Was hatten wir wieder für großartige, kompetente Gäste:
– erschütternd und bewegend die beiden Filme vom Ostdeutschen Filmemacher Wilhelm Domke Schulz: ‚Leben und sterben im Donbass‚
https://www.youtube.com/watch?v=jx2O4SZnNIU
und ‚Geschichte wiederholt sich‘
https://www.youtube.com/watch?v=zezYLATKwp4
Beide Filme können heruntergeladen und gezeigt werden. Wilhelm bittet lediglich darum, dem Spendenhinweis zu folgen.
– Patrik Baab las aus seinem neuesten, demnächst veröffentlichten Buch.
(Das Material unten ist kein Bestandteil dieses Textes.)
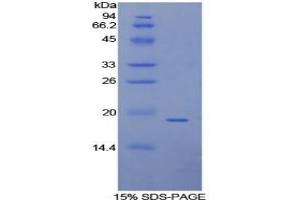 Image no. 5 for Annexin A4 (ANXA4) ELISA Kit (ABIN6720590)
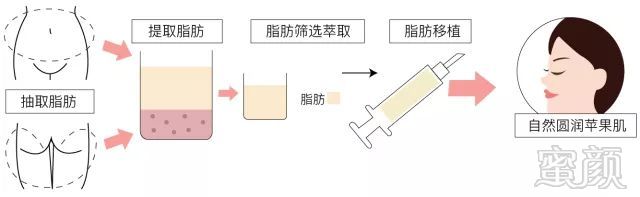 案例图片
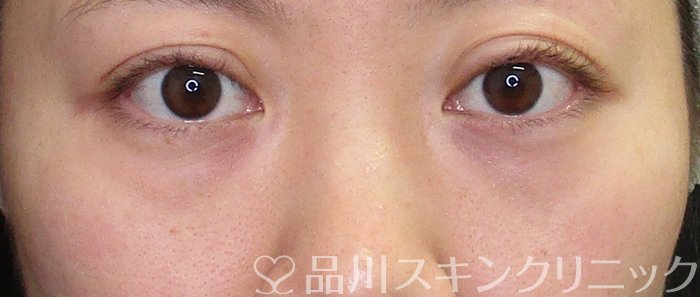 症例NO.66201のBEFORE写真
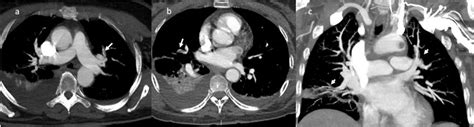 Ct Angiography Presence Of Multiple Contrast Filling Defects Involving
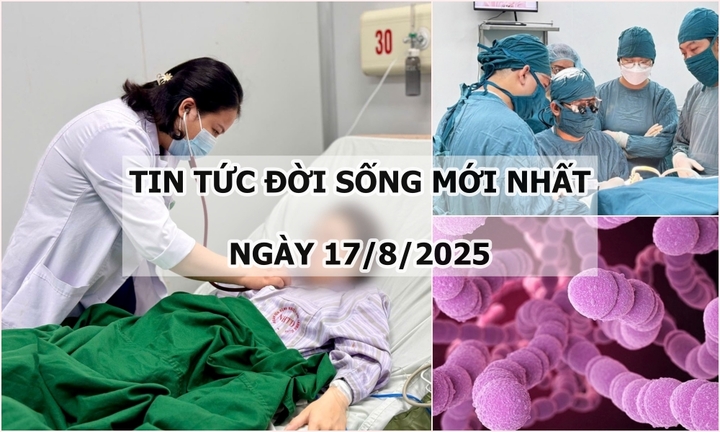 Tin tức đời sống 17/8: Bị đau đầu và buồn nôn, đi viện phát hiện nhiễm liên cầu lợn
Arbeitstitel: Die Irren und die Toten. Eine ukrainische Farce. Von sich und seinen Erlebnissen in der 3. Person berichtet, fühlt man sich neben P. im Schützengraben, riecht den Pulverdampf des AK 47 und sehnt sich nach Wochen des Frontlebens nach einer heißen Dusche. Begleitet von Tino Eisbrenner mit Text und Musik hätte der Einstieg in das Friedensthema und das Denkfest-Wochenende nicht treffender und bewegender sein können. Teilweise stockte uns der Atem.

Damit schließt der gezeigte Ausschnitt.